Catherine Hardwicke w jedynym z podcastów wypowiedziała się na temat młodych aktorów, którzy byliby idealni do roli Belli i Edwarda. Reżyserka wymieniła Jacoba Elordi, szerzej znanego z roli Natea w Euphorii oraz Jennę Ortegę, czyli serialową Wednesday Addams. Hardwicke określiła tę dwójkę aktorów jako niesamowitych. Uznała, że jeśli Zmierzch byłby nagrywany dzisiaj, to mogłaby obsadzić ich w rolach głównych bohaterów. Chyba nie ma czemu się dziwić. Zarówno Ortega, jak i Elordi to jedne z bardziej rozchwytywanych nazwisk we współczesnym świecie filmowym. Ponadto nikt nie może odmówić tej dwójce umiejętności, czy uroku osobistego.
Pattinson nie był oczywistym wyborem
Podczas oglądania Zmierzchu można dojść do wniosku, że Robert Pattinson jest osobą, dla której rola Edwarda została stworzona. Okazuje się jednak, że producenci filmu mocno kwestionowali wybór tego aktora. Nie wierzyli w to, że jest on wystarczająco przystojny, by zagrać nastoletniego wampira. Reżyserka pierwszej części sagi przyznaje, że problem tkwił w tym, że kiedy Pattinson pojawił się na castingu, był osobą, która całe swoje dnie spędzała w pubie. Na szczęście Hardwicke dała szansę aktorowi i nakręciła kilka ujęć ze Stewart. Po ich obejrzeniu okazało się, że ta dwójka pasuje idealnie do ról Edwarda i Belli.

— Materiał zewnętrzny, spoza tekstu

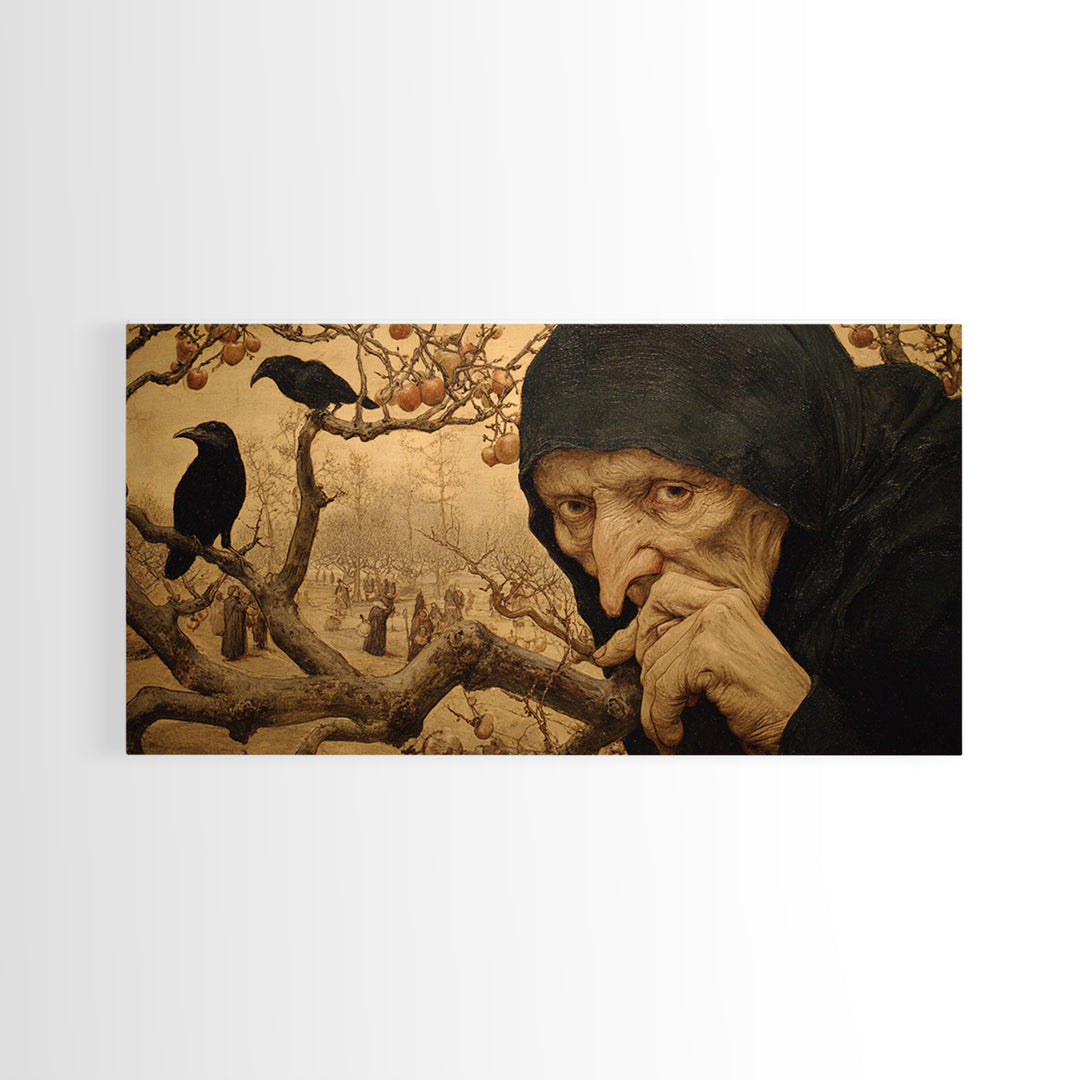 The Orchard Hag, Northern Renaissance Horror, Wide Panoramic Art, Macabre Wall Art, Canvas Print, Halloween Wall Art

Wbrew opinii pracowników studia nagraniowego reżyserka zaufała swojej intuicji, która okazała się słuszna.
Warto wspomnieć, że słowa Catherine Hardwicke to jedynie luźne przemyślenia. Jak na razie nie pojawiły się bowiem żadne informacje dotyczące rebootu filmowej sagi Zmierzch. Gdyby jednak ktoś wpadł na taki pomysł, to być może zasugeruje się propozycjami reżyserki.